Without pictures, repeat the lines of the entries from the one containing "Man making halloween pumpkin" through the last, both ends included, and nothing else.

Dataset records
• • • • • • •
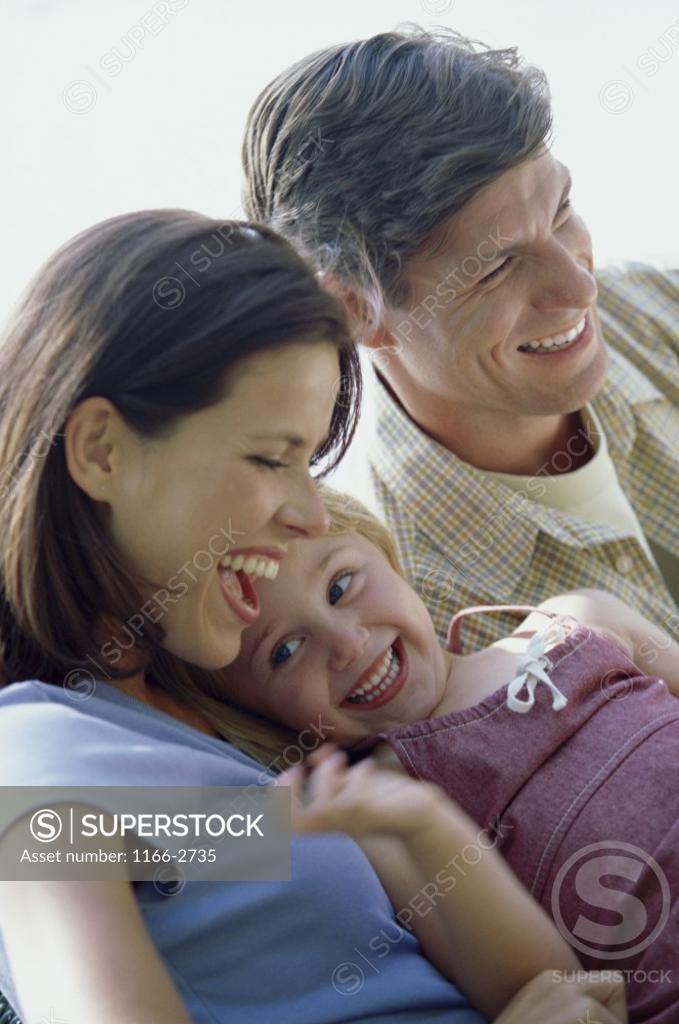 Stock Photo: 1166-2735 Parents laughing with their daughter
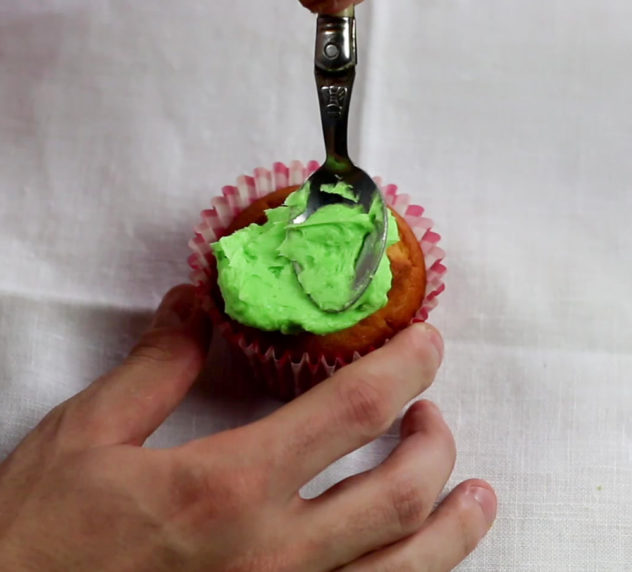 Green buttercream being spread over a cupcake.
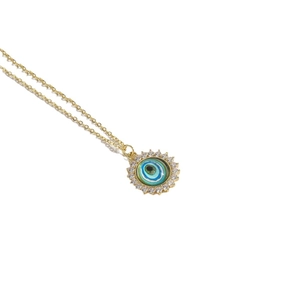 Golden Evil Eye choker necklace with resin pendant and zircon crystals for women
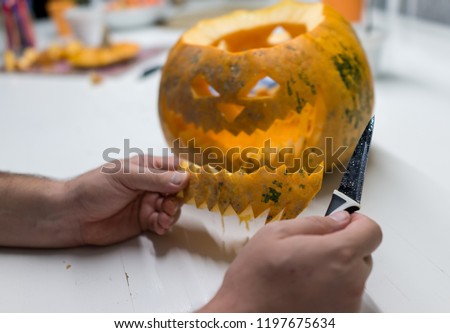 Man making halloween pumpkin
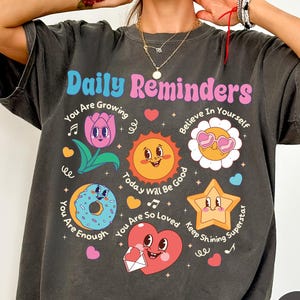 May include: Dark gray t-shirt with the text "Daily Reminders" in pink and blue. The shirt features colorful cartoon graphics of a flower, sun, donut, star, and heart with positive affirmations. The shirt is a casual, comfortable style.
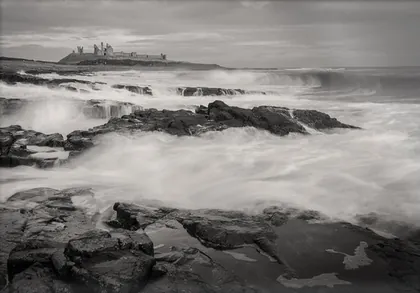 Dunstanburgh Castle Turner's View, a black and white photograph from the North East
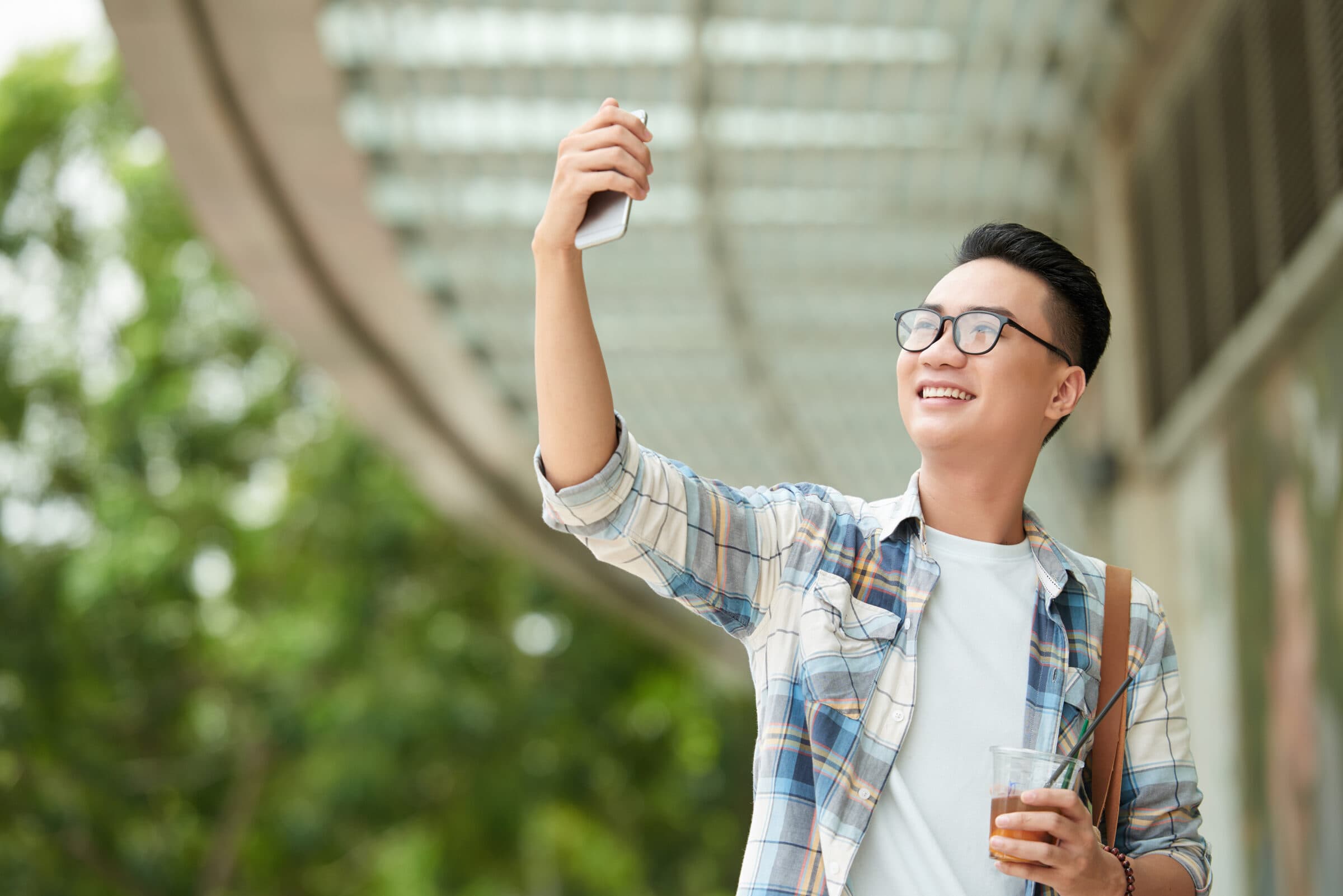A smiling student outdoors holding an iced drink and a phone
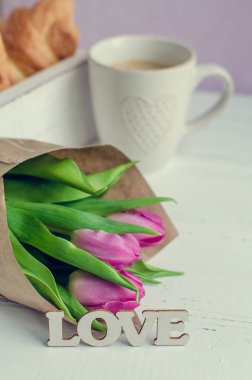 Kahve ay çöreği, buket pembe laleler ve ahşap kelime aşk ile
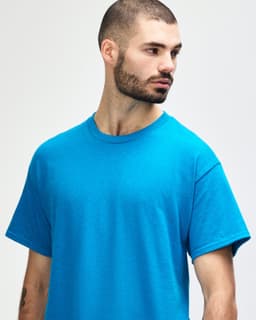 A blue Gildan Heavy Cotton adult t-shirt on a male model, featuring a plain design and a logo.
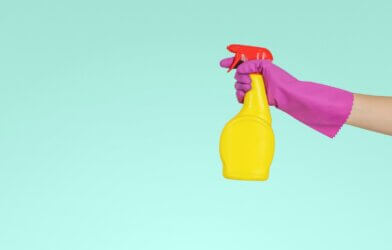 Person holding a bottle of cleaning spray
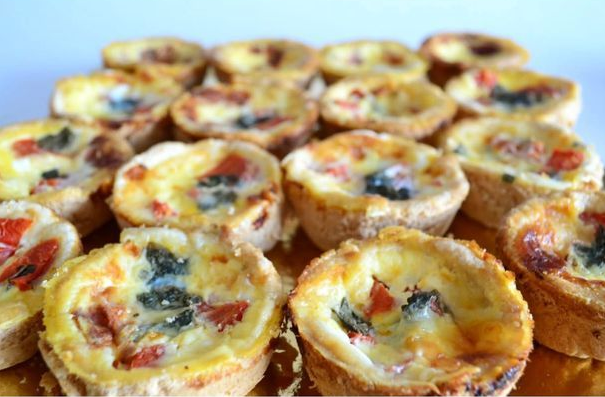 Mini quiches horneadas con queso fundido, espinacas y pimiento rojo, dispuestas en una bandeja.
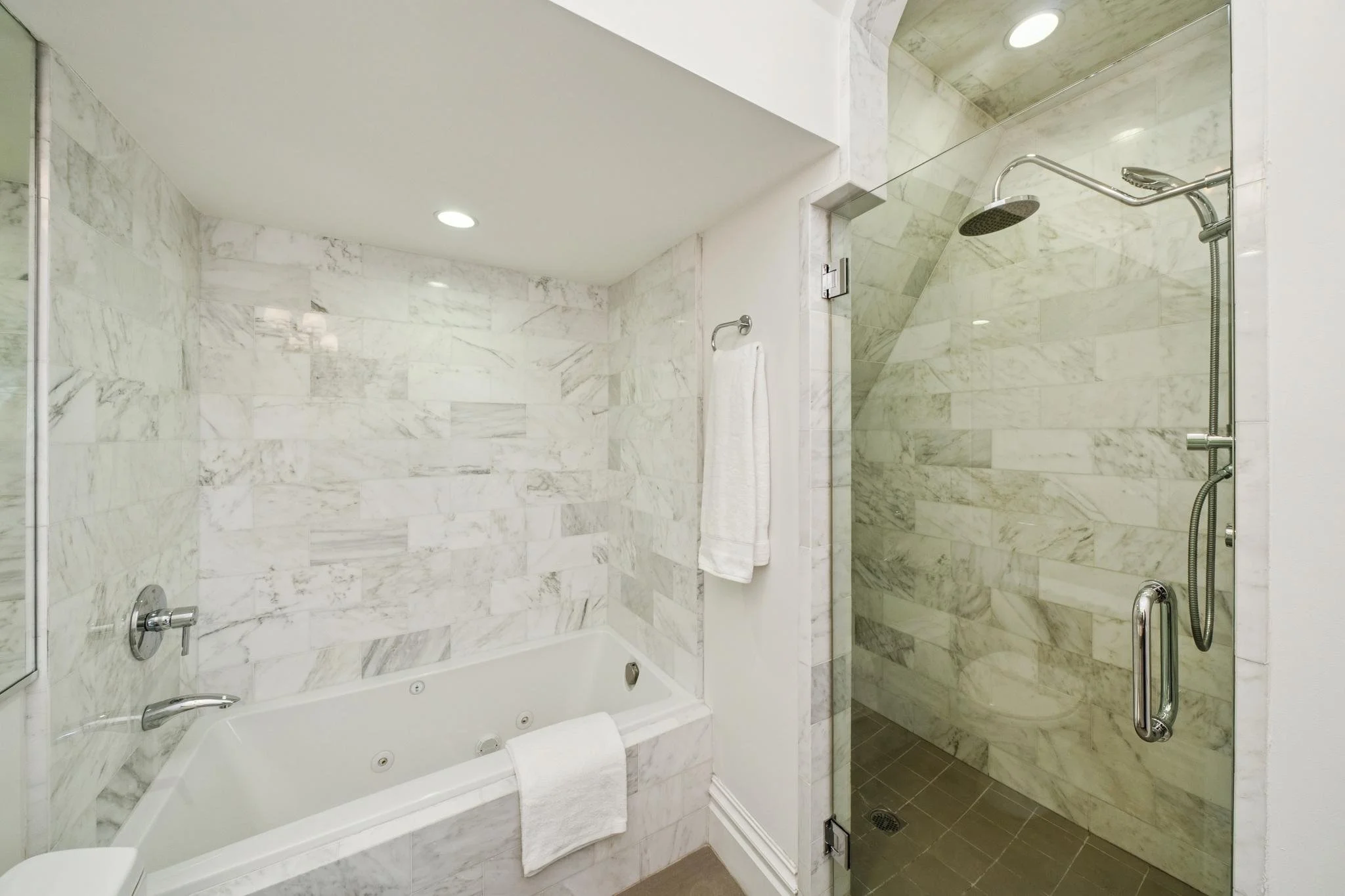 A luxurious marble bathroom with a built-in bathtub and a separate walk-in shower area, featuring a ceiling light and modern fixtures.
• • • • • • •
Written response
 Man making halloween pumpkin
 May include: Dark gray t-shirt with the text "Daily Reminders" in pink and blue. The shirt features colorful cartoon graphics of a flower, sun, donut, star, and heart with positive affirmations. The shirt is a casual, comfortable style.
 Dunstanburgh Castle Turner's View, a black and white photograph from the North East
A smiling student outdoors holding an iced drink and a phone
 Kahve ay çöreği, buket pembe laleler ve ahşap kelime aşk ile
 A blue Gildan Heavy Cotton adult t-shirt on a male model, featuring a plain design and a logo.
 Person holding a bottle of cleaning spray
 Mini quiches horneadas con queso fundido, espinacas y pimiento rojo, dispuestas en una bandeja.
 A luxurious marble bathroom with a built-in bathtub and a separate walk-in shower area, featuring a ceiling light and modern fixtures.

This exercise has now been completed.